His breakthrough came fourteen years later, when volleyball regular Spaniard Angel Trinidad suffered a metacarpal fracture in a volleyball Champions League game six months ago. Substitute Tille took over as if he had always played at the highest national and international level. And increased. “The finals give me extra motivation,” he said, as if he were amazed at himself: “I jump higher, I hit better. Everything works better in the finals.”

Team captain Ruben Schott said he was “super proud of Hannes”: “I knew he had potential and he’s getting better all the time.” Niroomand goes even further. He sees Tille as a complete player: “A good player, quick as an arrow in defence, has a good serve and, above all, he’s incredibly quick in his head. Now he has to get a chance in the national team as well. They have to pull themselves together and not stick to old patterns.”
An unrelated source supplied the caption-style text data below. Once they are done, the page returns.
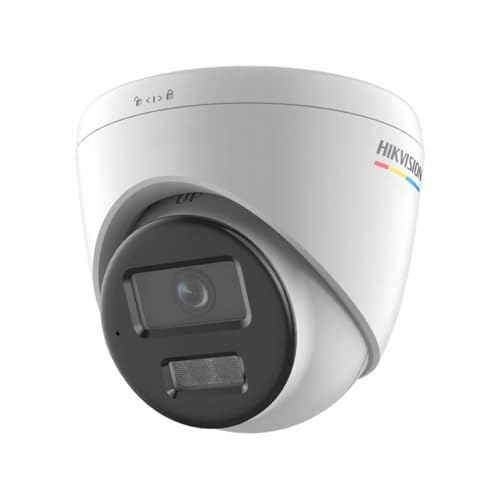 Hikvision Caméra de Sécurité IP Value Turret ColorVu PoE 6MP 2,8mm Extérieur IP67 - DS-2CD1367G2H-LIU(2.8mm)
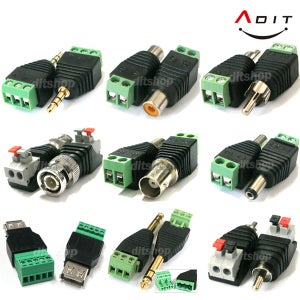 ADIT DC전원 DC플러그 DC잭 5.5 2.1 BNC RCA 전선 터미널 단자 커넥터 연결잭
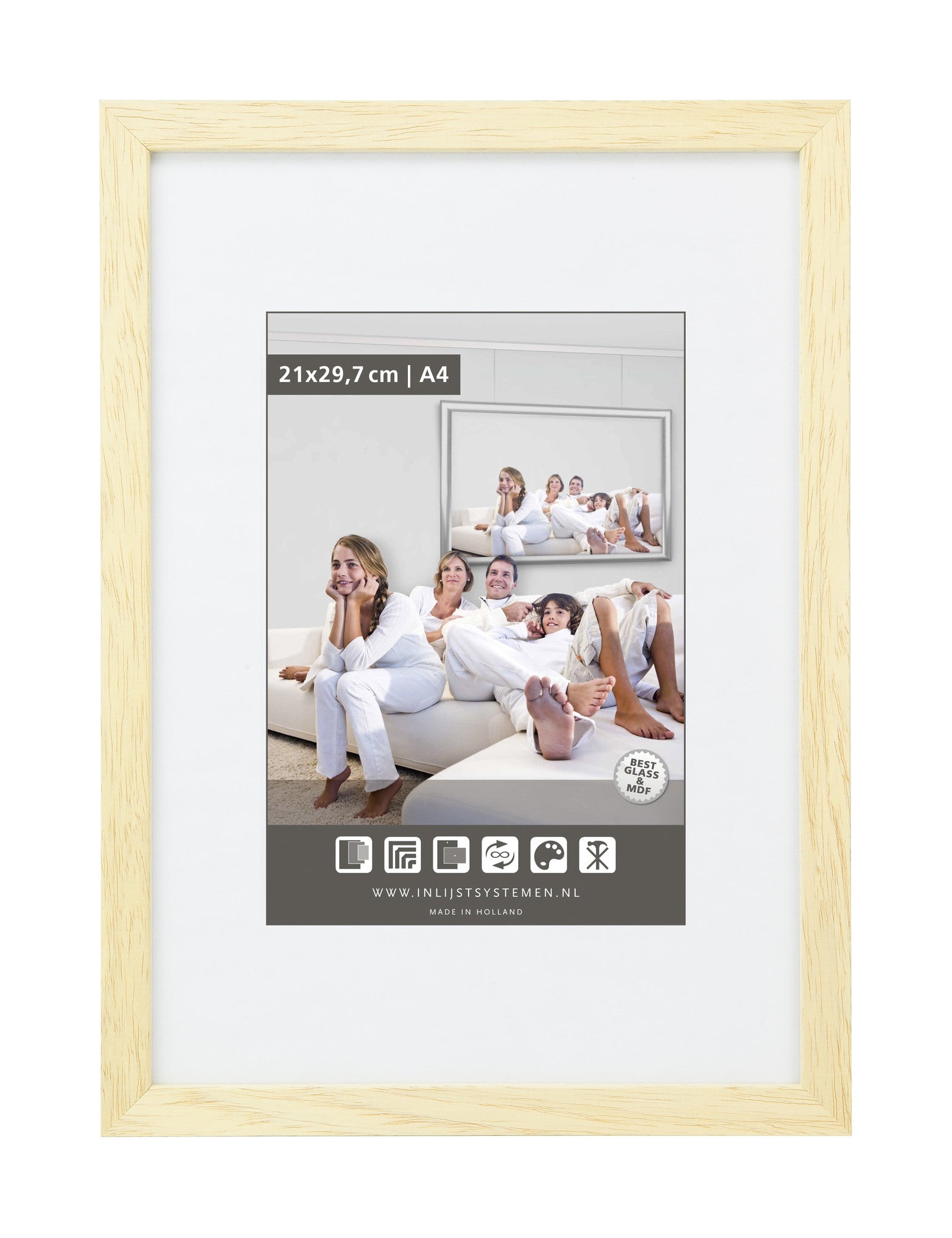 Photo Frame 20x28cm M100 Wood not varnished (1 pc)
Tille, who is just 23 years old, is the outstanding example of what the French champion coach Cédric Énard has achieved in his last year in Berlin: to compensate for the retirement of five veterans of the highest international class with young players who are willing to learn. The 28-year-old Berlin Schott has followed in the footsteps of the Russian Sergej Grankin as a leading player, the young giants Anton Brehme and Marek Sotola, 2.06 and 2.08 meters long and only 23 years old, as well as the only three years older, 2 .14 ​​meter middle blocker Saso Stalekar represent the future of the team.

How Sotola with a powerful smash and how Stalekar with a sovereign block fended off the set balls of the strengthened Friedrichshafener in the fourth set and instead of allowing a tie-break, the points to win the set, game and championship speaks for the fact that the dominance of the Berliners is now with seven championships in a row will continue for a while. Niroomand was asked whether the German championship wouldn’t be boring with such a superior champion. His answer: “Success is never boring.”
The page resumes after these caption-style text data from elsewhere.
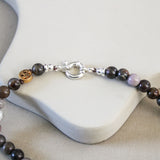 'Mabel' Fossiele Agaat Ketting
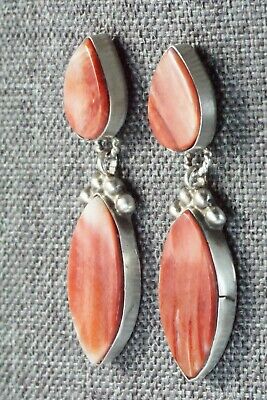Spiny Oyster and Sterling Silver Earrings - Selina Warner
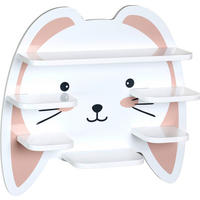 Kesper Wandregal rosa B/H/L: ca. 12x42x45 cm Wandregal_Hase - weiß/rosa (45,00/12,00/42,00cm) - Kesper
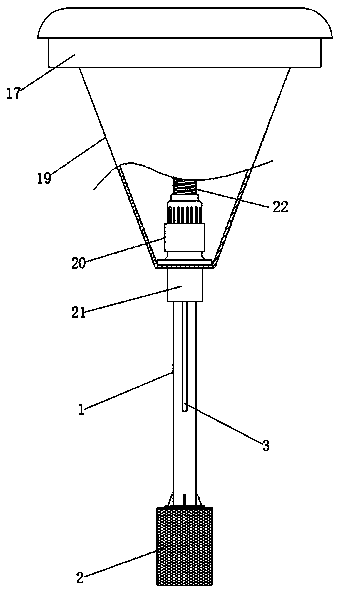 Water body aeration device for urban riverway regulation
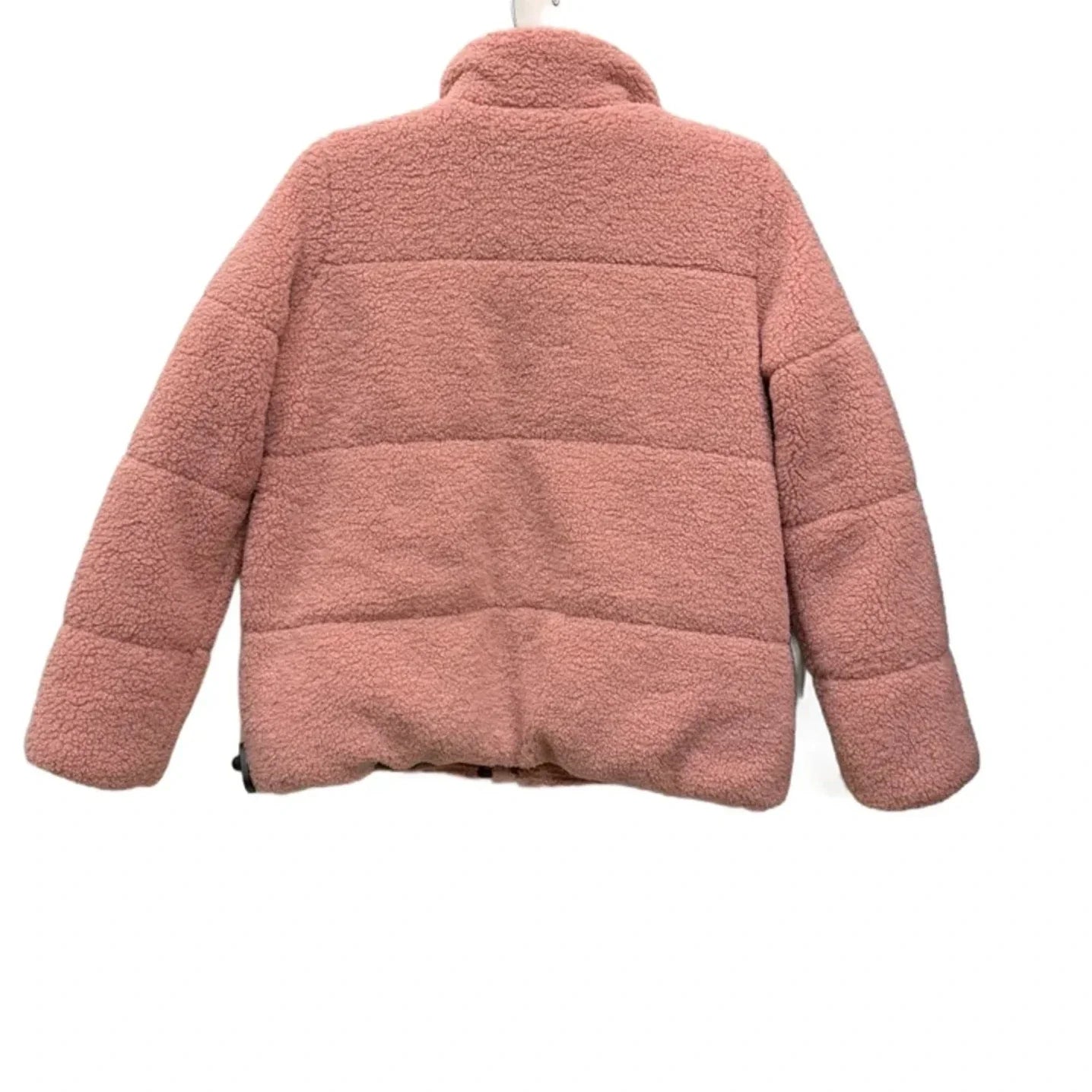 Jacket Faux Fur & Sherpa By Zero Xposure In Dusty Pink, Size: Xl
The ambition and demands of the master maker reach far beyond Berlin. The league’s decision, born out of necessity, to allow four clubs to be promoted in order to finally get back to a championship round of twelve, connects Niroomand with the claim: “You have to see it as an opportunity to develop in four or five years like Giesen and Lüneburg did. And the top five must also take a qualitative step forward.”

In this context he criticized TSV Haching Munich, one of the top teams in Germany at the time of the sponsor Generali: “This season Haching was here with only eight or nine people. That’s not a good role model.” If that’s not a good sign: as much as the Berliners work hard for their titles, the weakness of the competition annoys them.